What to work on:
Please copy exactly the part of the records below that opens with the line containing "Ein Mechaniker mit" and closes with the line containing "A bar with blue stools and a wooden counter.", leaving out any pictures.

[Extracted material Boundary: Start]

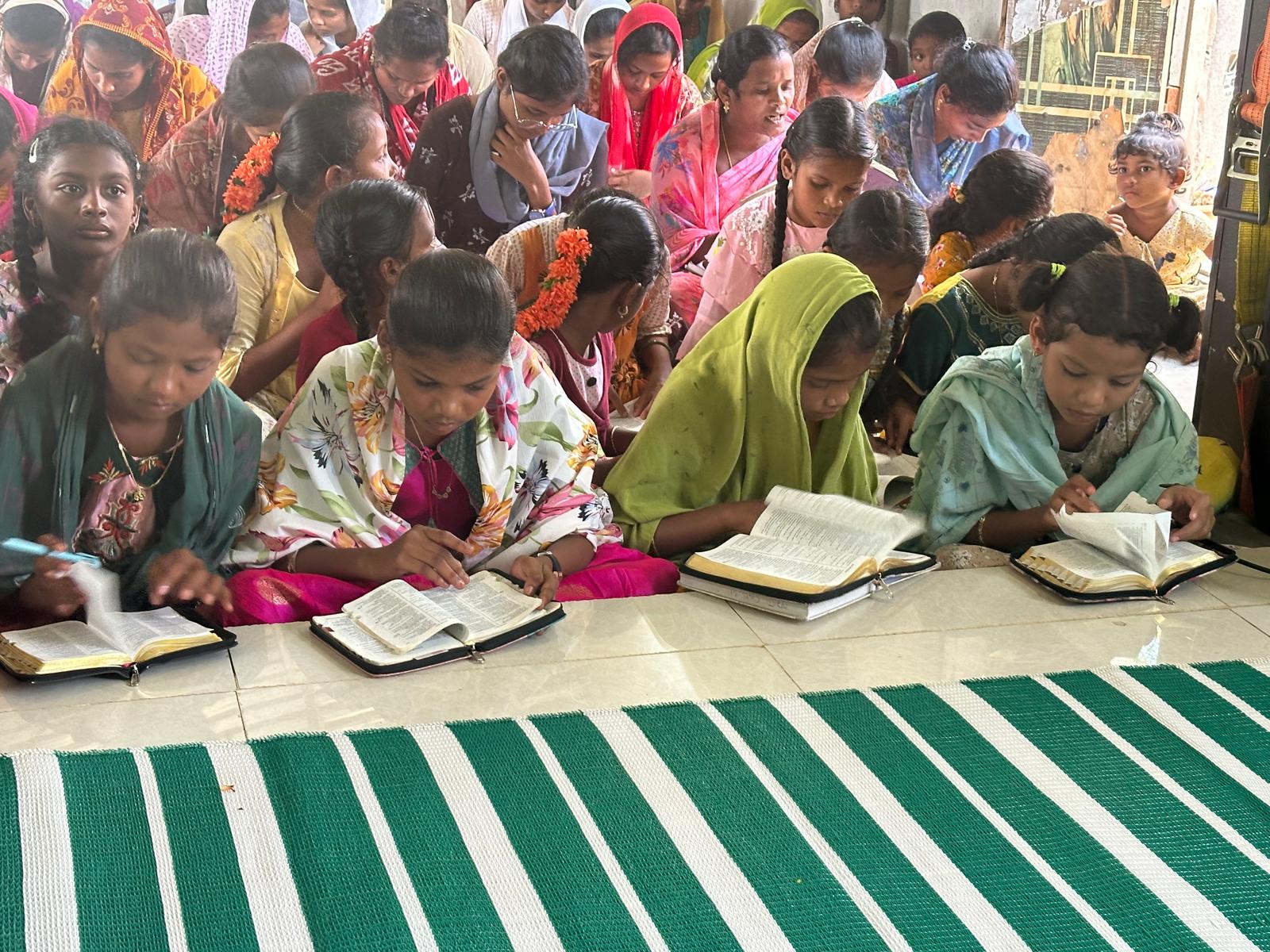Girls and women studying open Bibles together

[Extracted material Boundary: End]
[Extracted material Boundary: Start]

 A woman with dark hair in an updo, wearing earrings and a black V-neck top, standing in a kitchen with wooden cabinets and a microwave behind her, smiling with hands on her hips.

[Extracted material Boundary: End]
[Extracted material Boundary: Start]

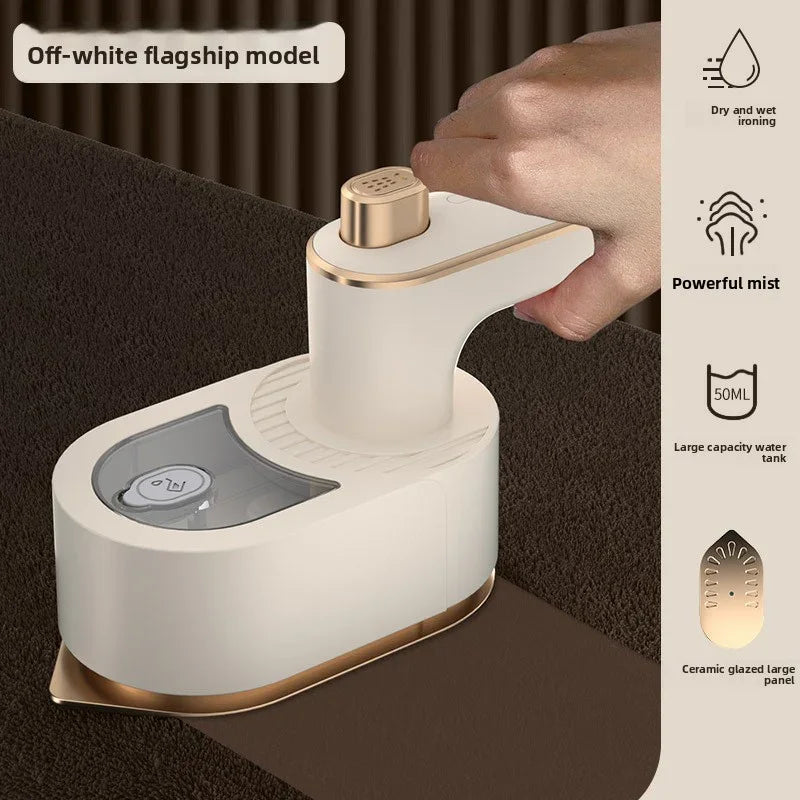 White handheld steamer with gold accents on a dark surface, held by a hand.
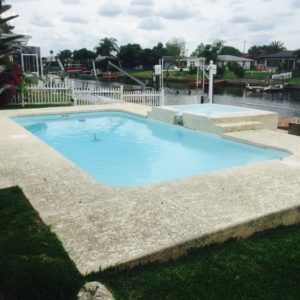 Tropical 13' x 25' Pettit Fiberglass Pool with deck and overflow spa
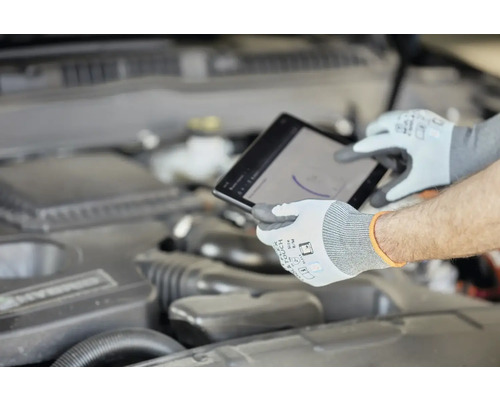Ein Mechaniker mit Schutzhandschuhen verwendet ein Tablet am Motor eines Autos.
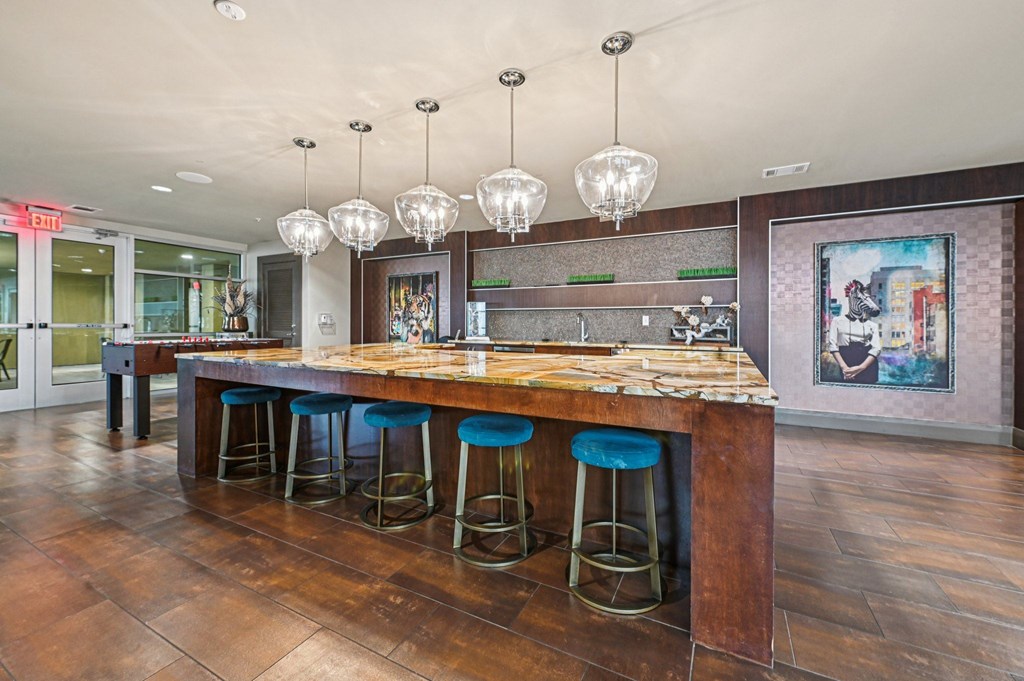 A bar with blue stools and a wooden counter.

[Extracted material Boundary: End]

Task result:
Ein Mechaniker mit Schutzhandschuhen verwendet ein Tablet am Motor eines Autos.
 A bar with blue stools and a wooden counter.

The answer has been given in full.